### INFORMATION
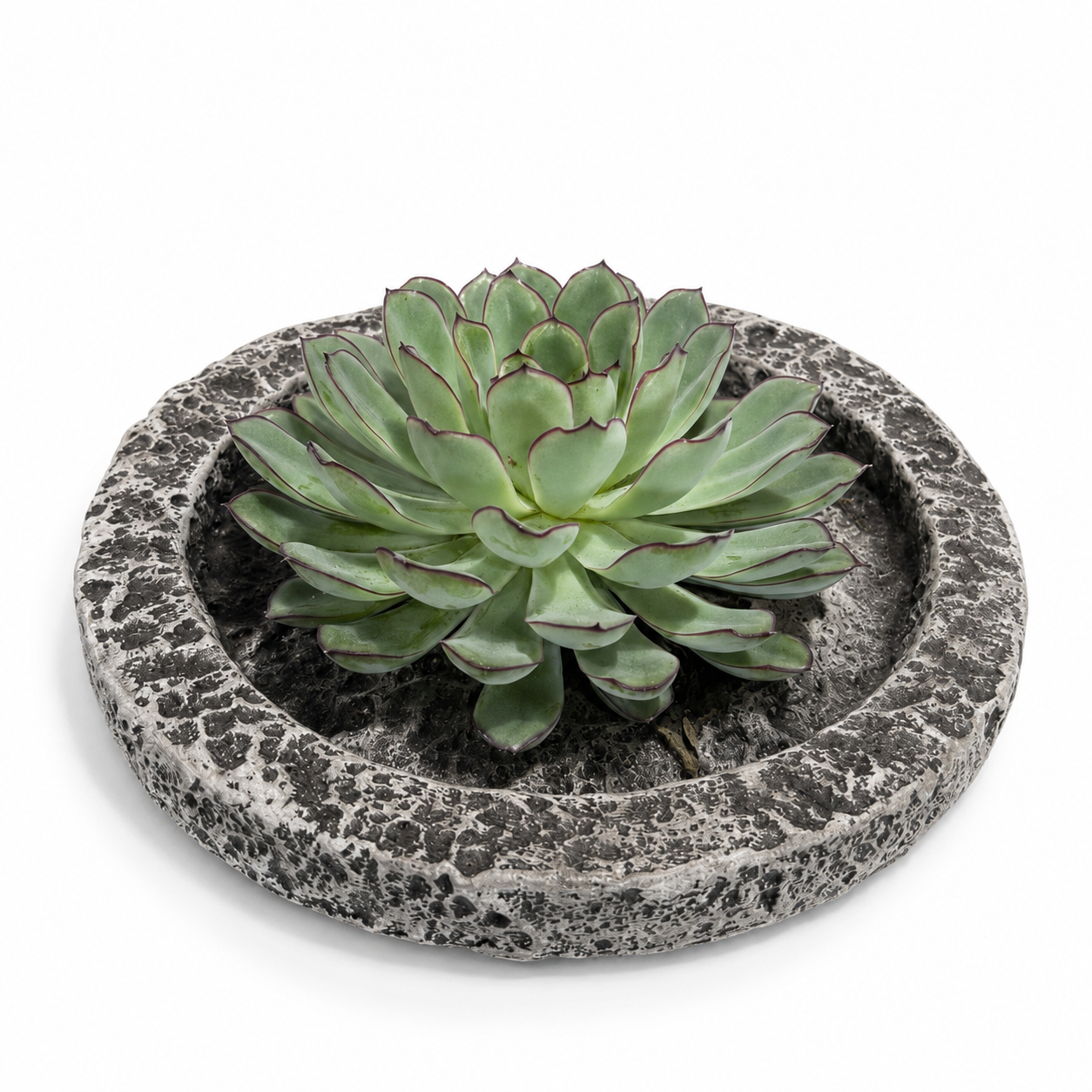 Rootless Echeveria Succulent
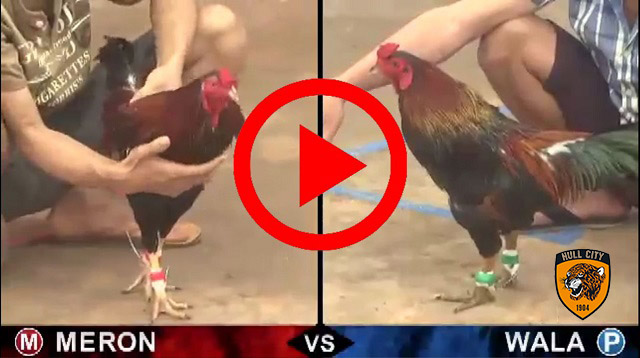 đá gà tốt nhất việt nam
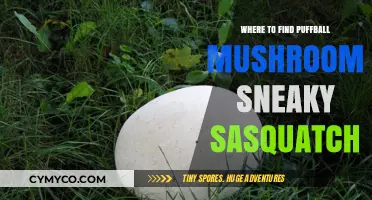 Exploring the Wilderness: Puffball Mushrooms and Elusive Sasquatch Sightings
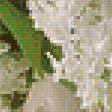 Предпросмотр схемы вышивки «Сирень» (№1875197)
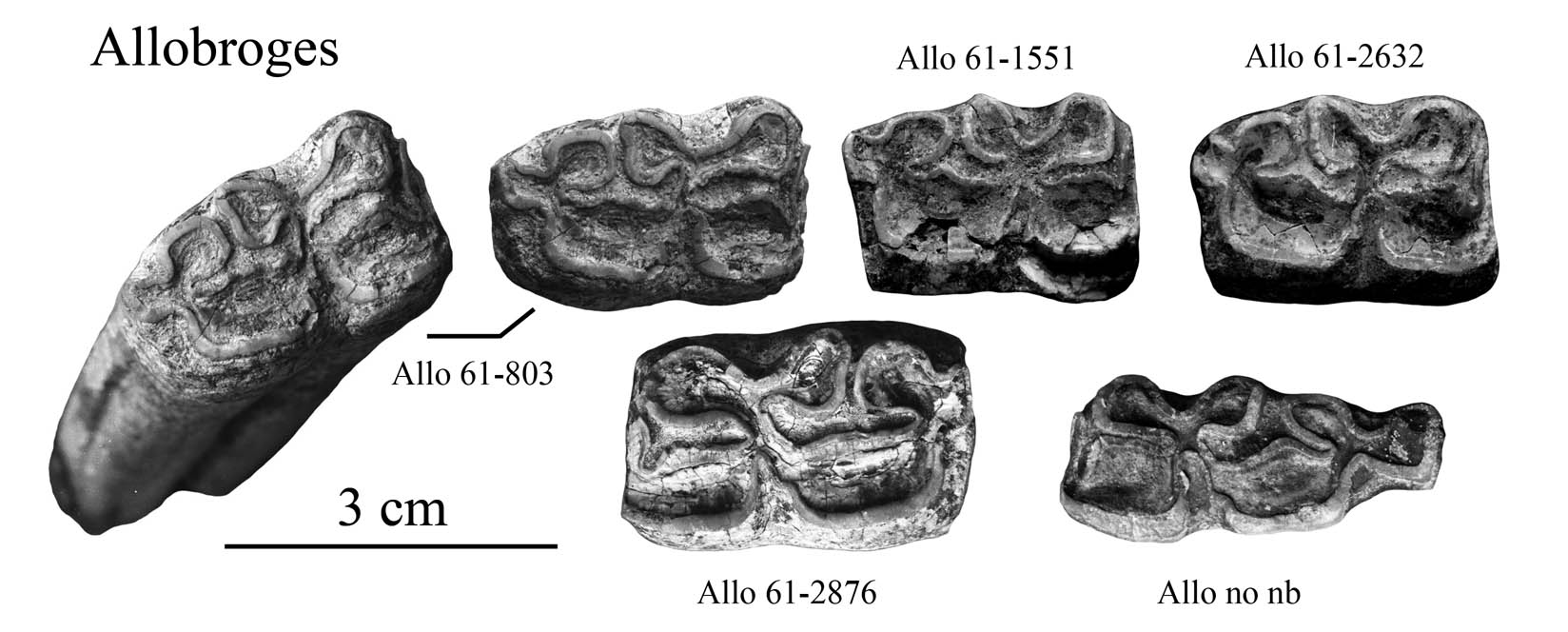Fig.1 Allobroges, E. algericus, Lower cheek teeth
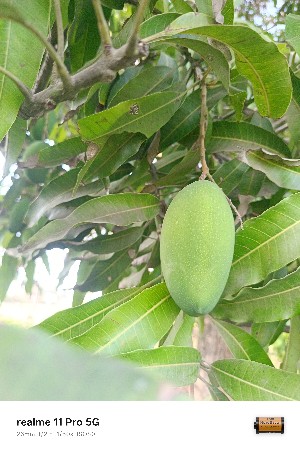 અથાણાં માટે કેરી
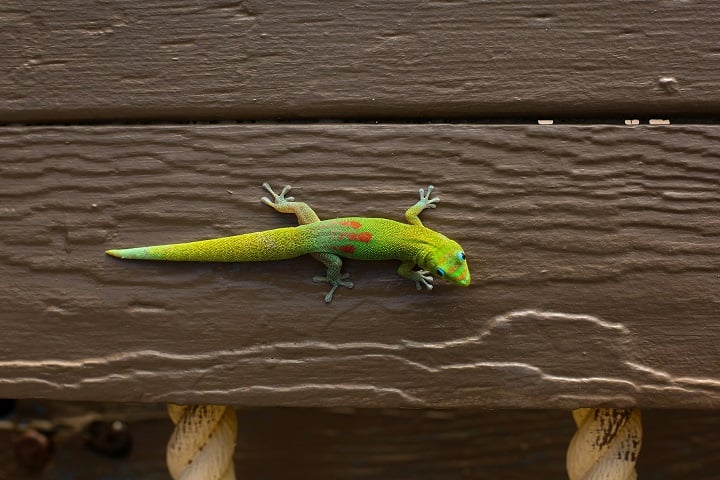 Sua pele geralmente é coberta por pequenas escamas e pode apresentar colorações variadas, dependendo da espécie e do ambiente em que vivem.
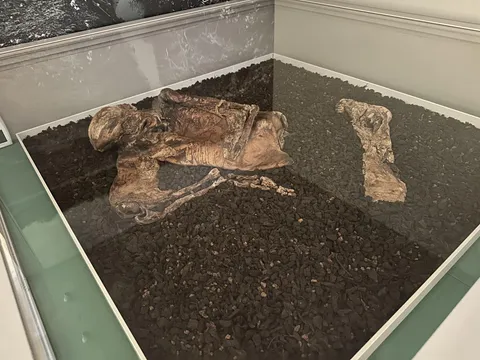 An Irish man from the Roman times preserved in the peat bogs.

### TASK DIRECTIONS
Please transcribe the material above exactly as written. Leave the pictures out.

### PROBLEM SOLUTION
 Rootless Echeveria Succulent
 đá gà tốt nhất việt nam
 Exploring the Wilderness: Puffball Mushrooms and Elusive Sasquatch Sightings
 Предпросмотр схемы вышивки «Сирень» (№1875197)
Fig.1 Allobroges, E. algericus, Lower cheek teeth
 અથાણાં માટે કેરી
 Sua pele geralmente é coberta por pequenas escamas e pode apresentar colorações variadas, dependendo da espécie e do ambiente em que vivem.
 An Irish man from the Roman times preserved in the peat bogs.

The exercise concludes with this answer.